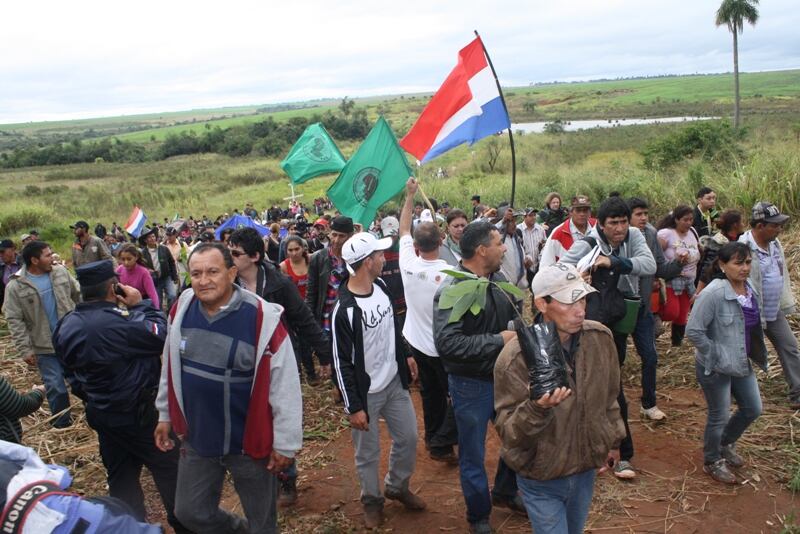 Dicha sanción podría darse si el Ejecutivo llega a promulgar la ley que expropia tierras de Marina Cué, actualmente Reserva Yberá, ubicada en el departamento de Canindeyú, para asentamientos humanos. Foto: Archivo.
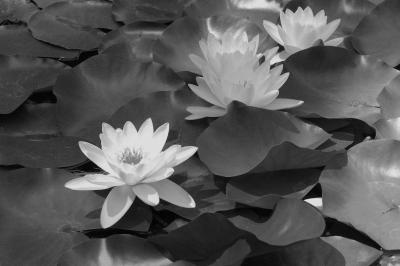 water lilies.jpg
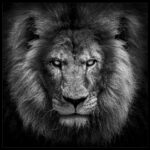 King by Stefan Malloch - Portrait 1st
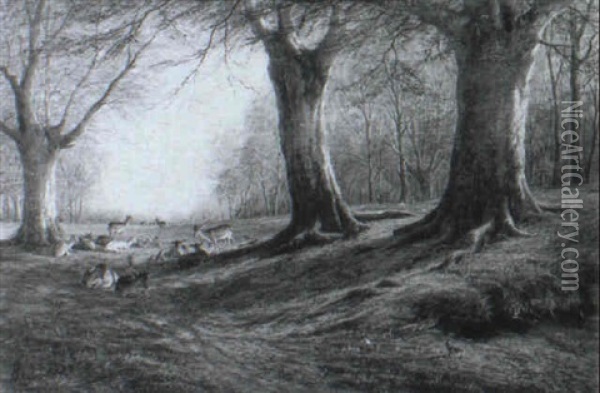 Deer Resting In A Woodland Glade Oil Painting - William Luker Sr.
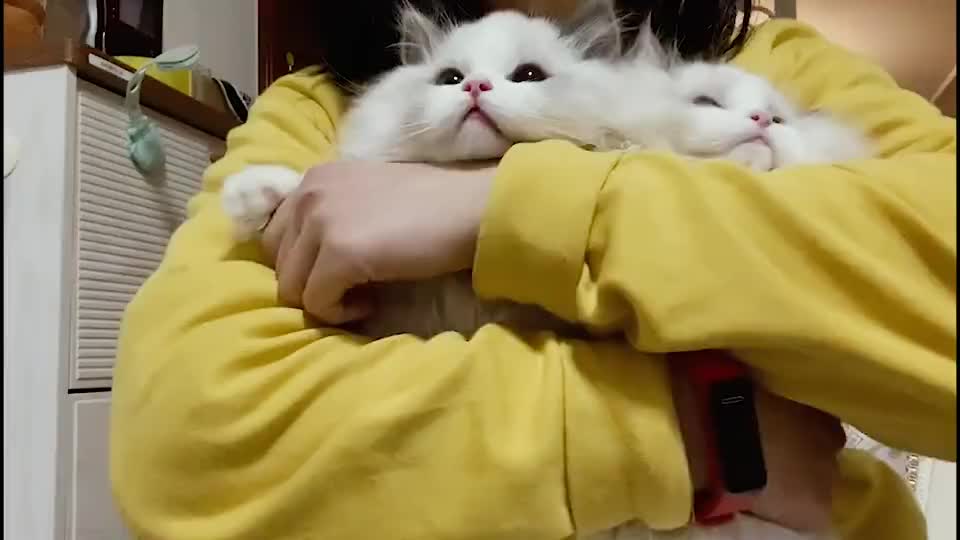 布偶猫抱在怀里的那一刻吃三月泡面买它已经不算啥了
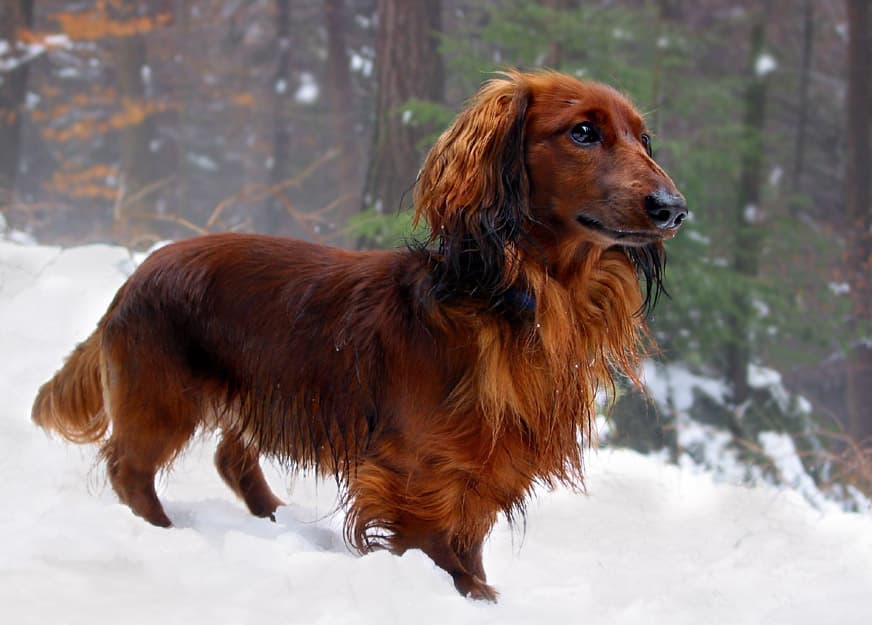 Dachshund pelo longo vermelho na neve, pelagem sedosa Langhaardackel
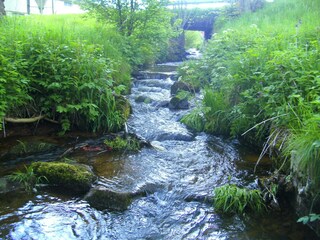 Holiday house St. Georgen Environment 28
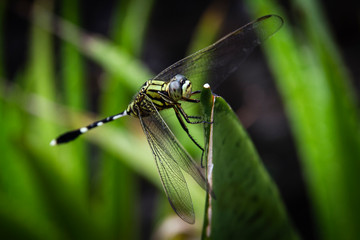 A dragonfly resting on the plant branch in a close-up picture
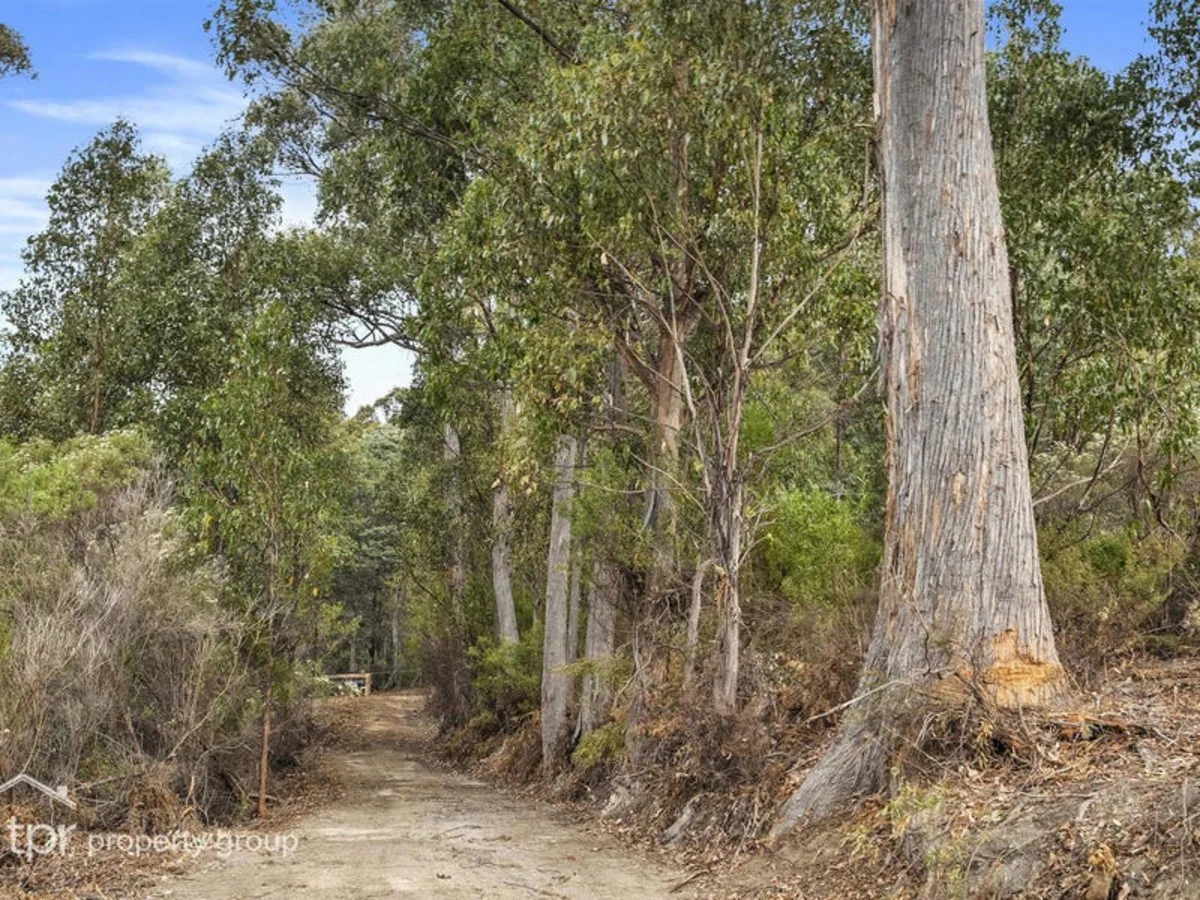 Additional image 7 of Lot 1 Bygraves Road, Crabtree TAS 7109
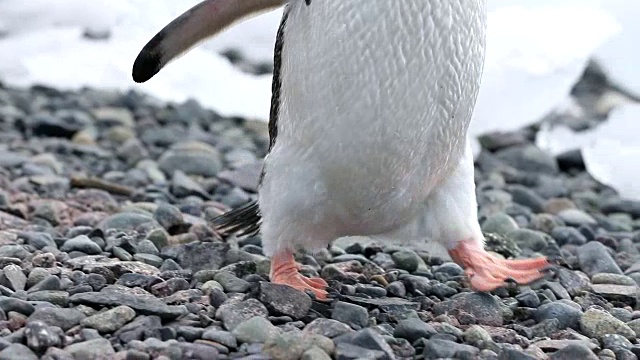 平底锅下的巴布亚企鹅脚边走视频素材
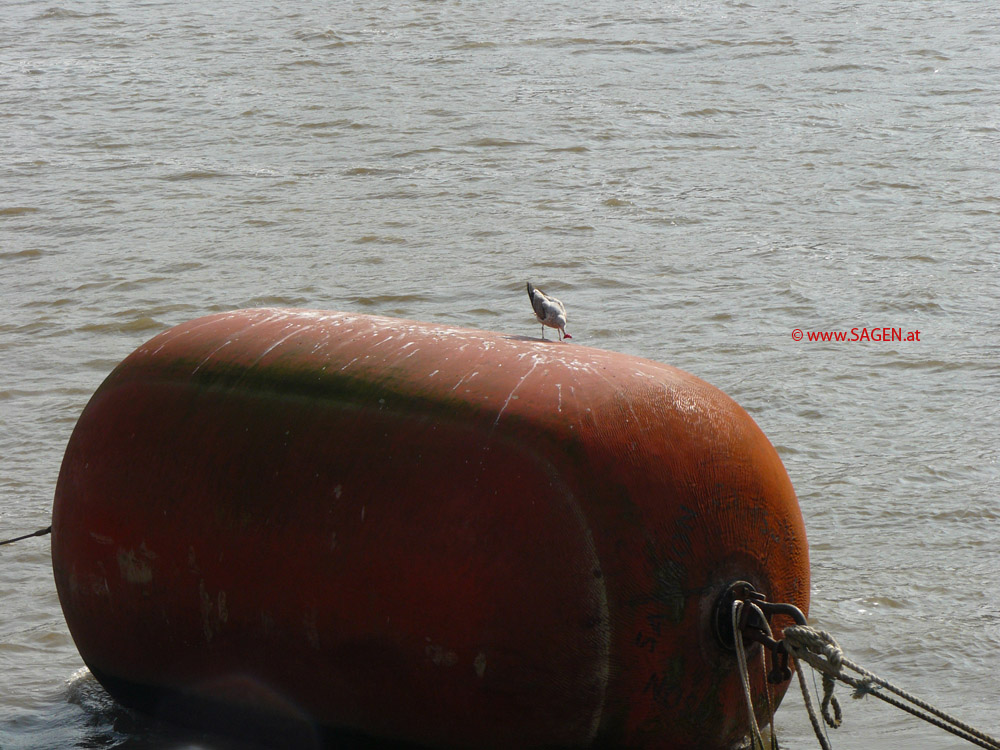 Möwe mit Flaschendeckel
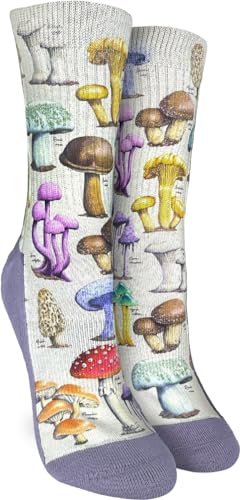 Morphology of Mushrooms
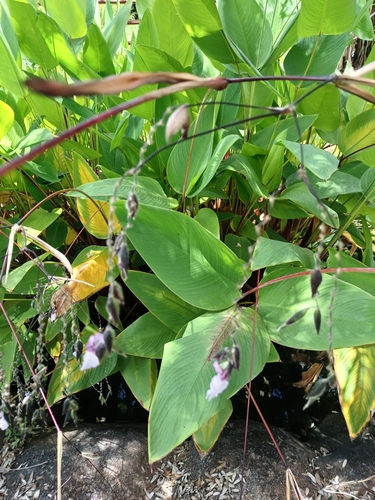 Thalia geniculata observed 2024-07-31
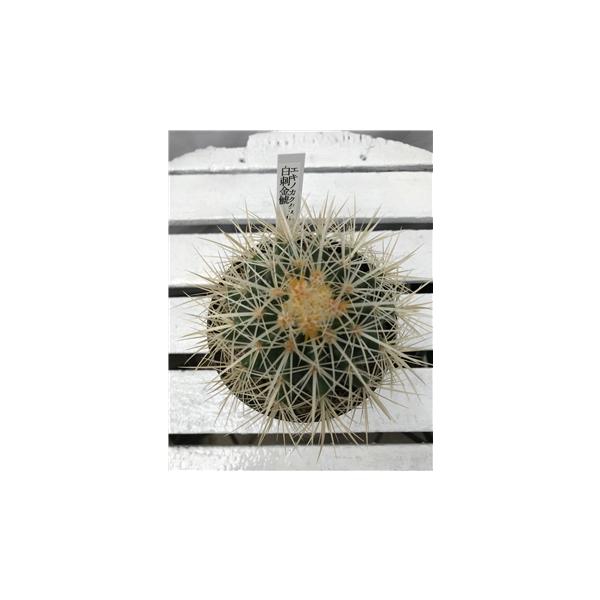 エノキカクタス（Encephalocarpus strobiliformis）は、松ぼっくりのような姿が特徴の希少サボテン。  幾何学的な形状と精密な棘の配列が独特の美しさを放ちます。●乾燥に強く、初心者にも扱いやすい  日光を好み、水やり...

• • • • • • •

Work to complete: Word for word, repeat each record above; leave out every picture.

Response below:
 Dicha sanción podría darse si el Ejecutivo llega a promulgar la ley que expropia tierras de Marina Cué, actualmente Reserva Yberá, ubicada en el departamento de Canindeyú, para asentamientos humanos. Foto: Archivo.
 water lilies.jpg
 King by Stefan Malloch - Portrait 1st
 Deer Resting In A Woodland Glade Oil Painting - William Luker Sr.
 布偶猫抱在怀里的那一刻吃三月泡面买它已经不算啥了
 Dachshund pelo longo vermelho na neve, pelagem sedosa Langhaardackel
 Holiday house St. Georgen Environment 28
 A dragonfly resting on the plant branch in a close-up picture
 Additional image 7 of Lot 1 Bygraves Road, Crabtree TAS 7109
 平底锅下的巴布亚企鹅脚边走视频素材
 Möwe mit Flaschendeckel
 Morphology of Mushrooms
 Thalia geniculata observed 2024-07-31
 エノキカクタス（Encephalocarpus strobiliformis）は、松ぼっくりのような姿が特徴の希少サボテン。  幾何学的な形状と精密な棘の配列が独特の美しさを放ちます。●乾燥に強く、初心者にも扱いやすい  日光を好み、水やり...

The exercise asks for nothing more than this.